Some of the bug fixes have been pull from OpenSSLs bugtracker, they've just sat there for one or two years. This should make you think about what motivates the OpenSSL developers, my guess would be new crypto algorithms and the math, rather than maintaining a modern and secure crypto library.
Honestly the better solution might be to have the OpenSSL developers commit new code to the OpenBSD fork. For my understanding no one doubts that the OpenSSL developer understand the math and crypto in SSL and TLS, but they aren't the sharpest C programmers. There's no point in ostracising the OpenSSL developers, but maybe they should just focus on the parts that they do really well and let others, like the OpenBSD developer, productize their work.
Count the number of vulnerabilities in OpenSSL over the last few years, relative to the size of its code base. A single vulnerability, albeit bad this year, results in a fork and the attitude of "it had its chance."
LibreSSL inherits all of the undiscovered vulnerabilities in its huge code base. I hope your harsh criticism carries over to its code base once these flaws are discovered here too. That's the beauty of open source.
The problem is that a security software brick is not satisfactory when it works, but when you can be sure there are no problems.
Given the very low quality of the code and the high amount of bloat, few people actually trust it. They have to trust third-parties and external certifications and the word on the street, and this is not enough for that kind of dependency.
Quite frankly unless LibreSSL manages to raise more than 2000$ a year (what the OpenSSL fundation makes, apparently) I fail to see how they hope to avoid encountering the same kind of problems OpenSSL did (and still does). And given that the OpenBSD projects had to beg for donations to reach a 150k$ goal, if memory serves, I doubt they'll be able to sink a tremendous amount of money into LibreSSL.

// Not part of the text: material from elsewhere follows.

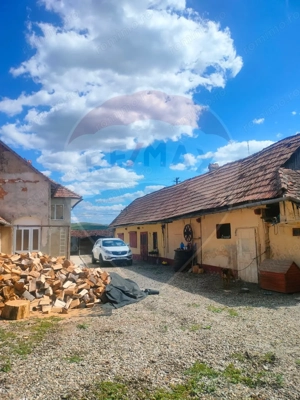 Casă la tara in satul Retis, comuna Bradeni, aproape de Sighisoara - imagine 4 Casă la tara in satul Retis, comuna Bradeni, aproape de Sighisoara - imagine 4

If you can't pay people to work on the project full time, properly test and audit the code, sooner or later something will go wrong. And then we'll see people over here commenting along the lines of "my god those people are incompetent/irresponsible, they hope to get a free pass because it's free and open source, etc..."
Also, until I see a first release of the lib it's just marketing as far as I'm concerned, after all the OpenBSD foundation announced OpenCVS in 2004...
Well sure, OpenSSH is probably one of the most useful and versatile tools out there, there's no denying that it's a huge achievement.
That being said it's a program with mostly well defined use cases while OpenSSL is a library used in thousands of programs (including OpenSSH) on a variety of hardware and operating systems. The OpenBSD project naturally mostly cares about OpenBSD first and the rest second, which might be a bad thing if we end up with a multitude of forks each supporting a particular OS/architecture, increasing the chances of messing things up. After all, the latest big OpenSSH vulnerability was due to debian-specific patches...
Also, for what it's worth, sloccount tells me the latest snapshot of OpenSSH has about 90 thousand lines of code while OpenSSL has more than 360 thousand. It's a huge, huge library, forking and maintaining it is a tremendous undertaking, even compared to OpenSSH.